Provided material START

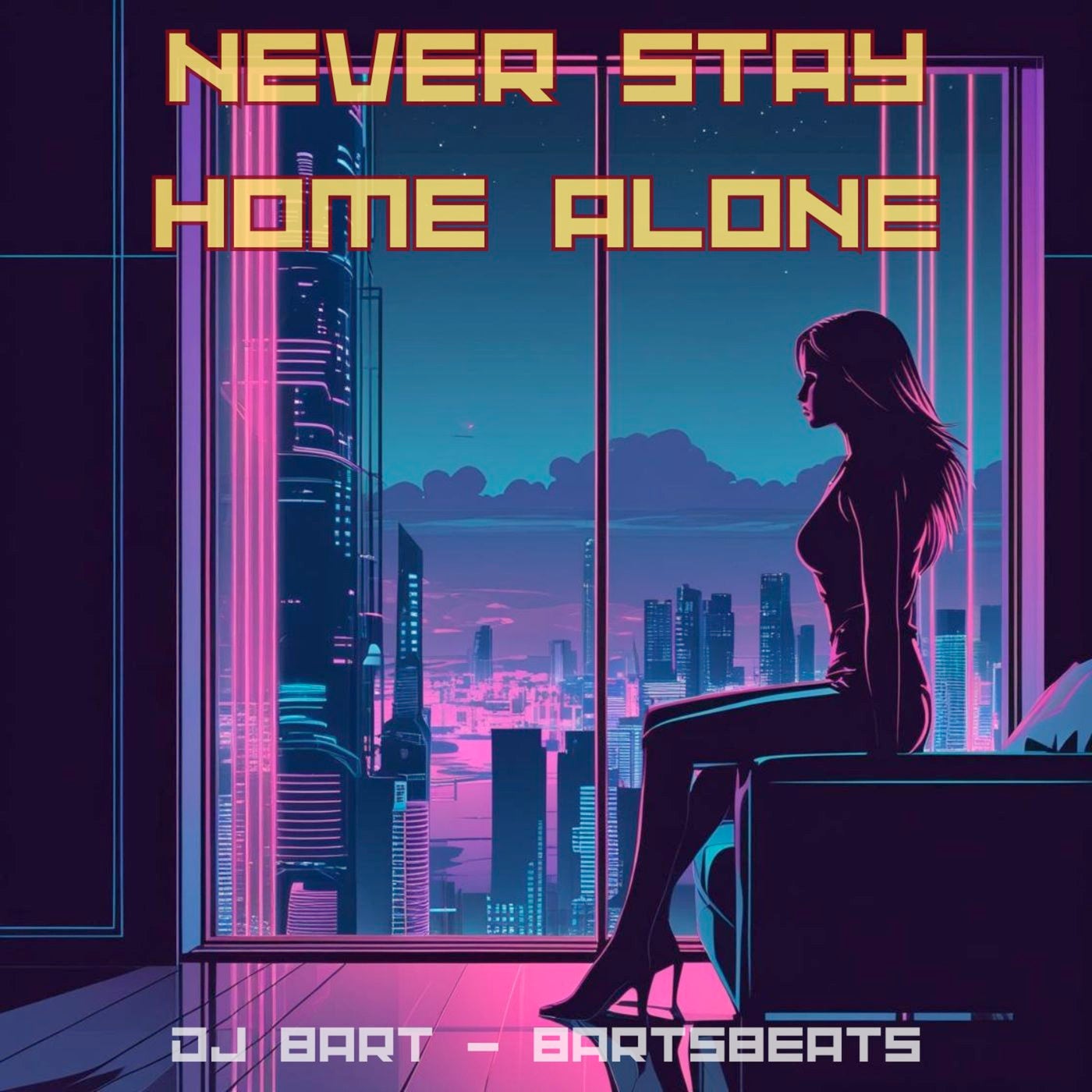 Never Stay Home Alone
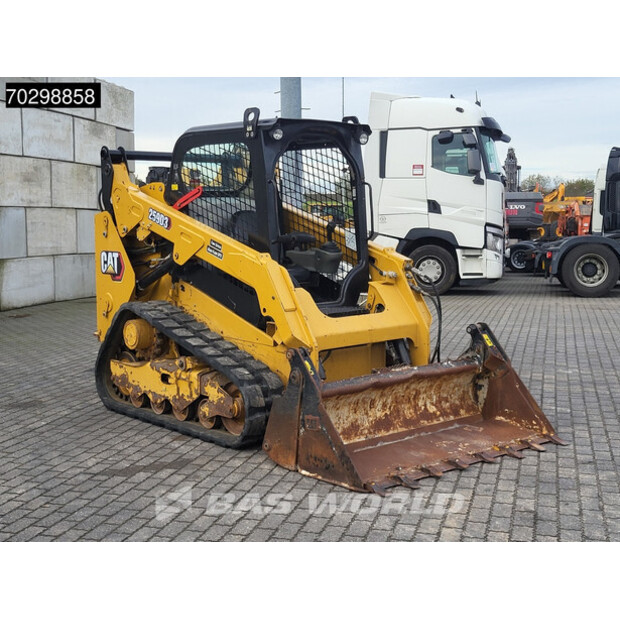 2016 Caterpillar 259 D-43487367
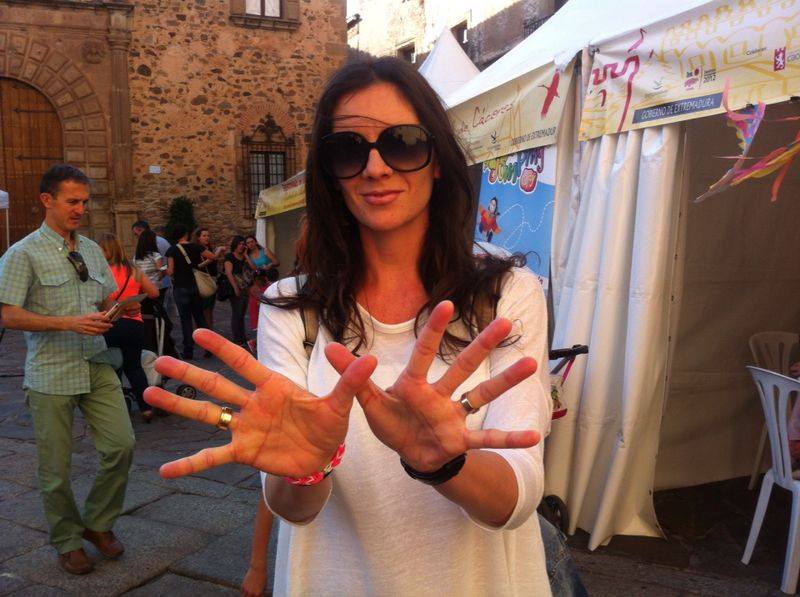 Festival de las Aves de Cáceres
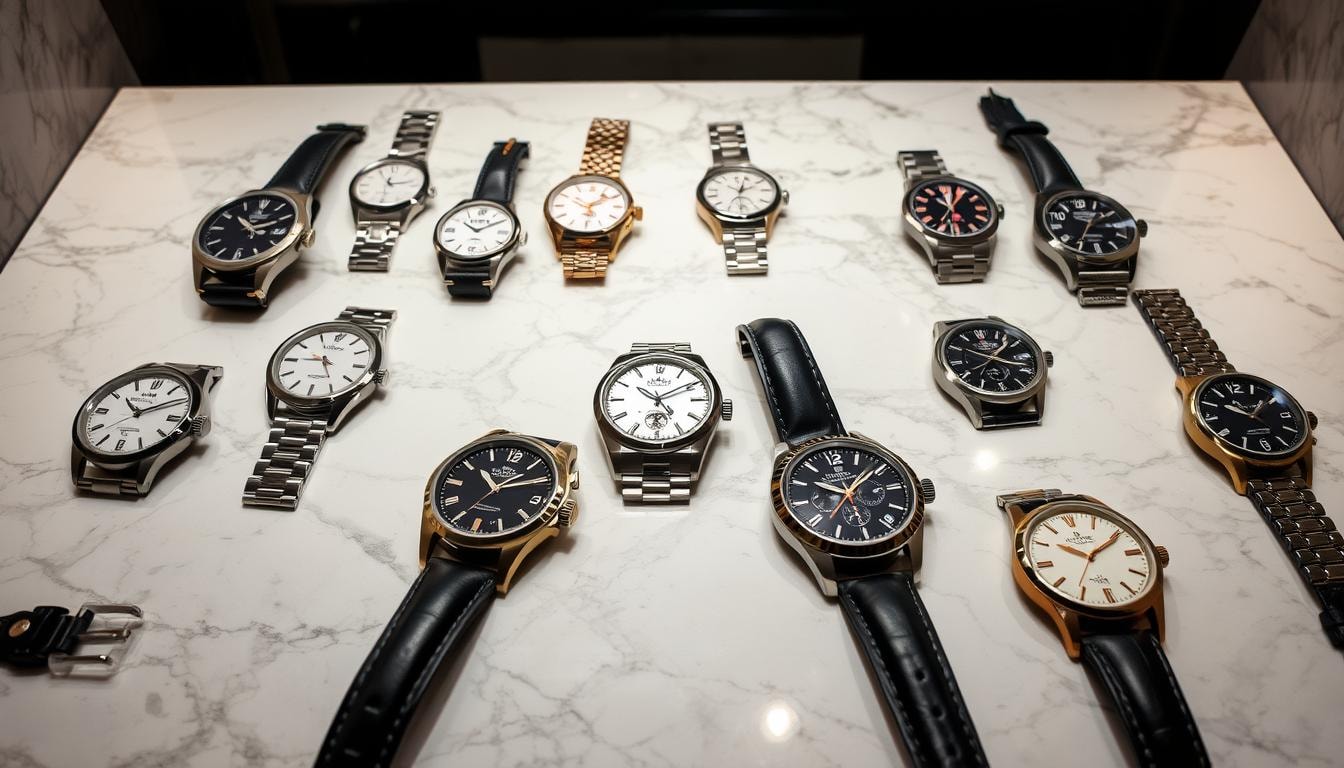 Pre-Owned Luxury Watches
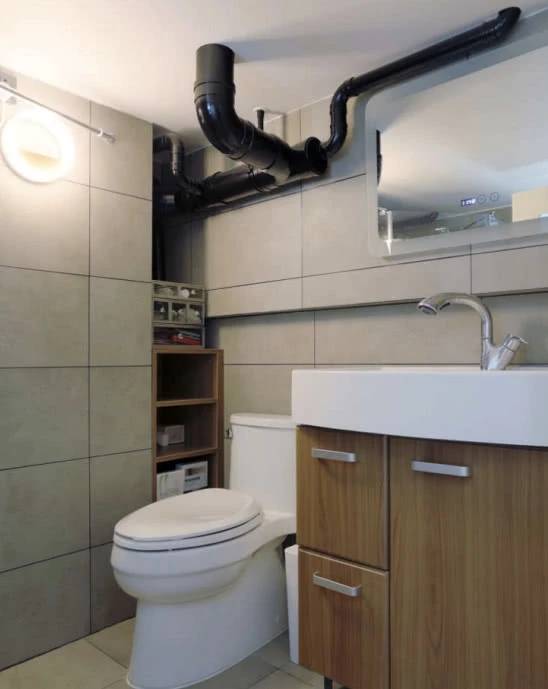 40平“盒子房”，装修完工后变迷你小豪宅！闺蜜赖着不想走！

Provided material END

● Exercise details: From the line containing "2016 Caterpillar 259 D-43487367" through the final line of the listing above, reproduce every line exactly, with no pictures.

● Reply to the exercise:
 2016 Caterpillar 259 D-43487367
 Festival de las Aves de Cáceres
 Pre-Owned Luxury Watches
 40平“盒子房”，装修完工后变迷你小豪宅！闺蜜赖着不想走！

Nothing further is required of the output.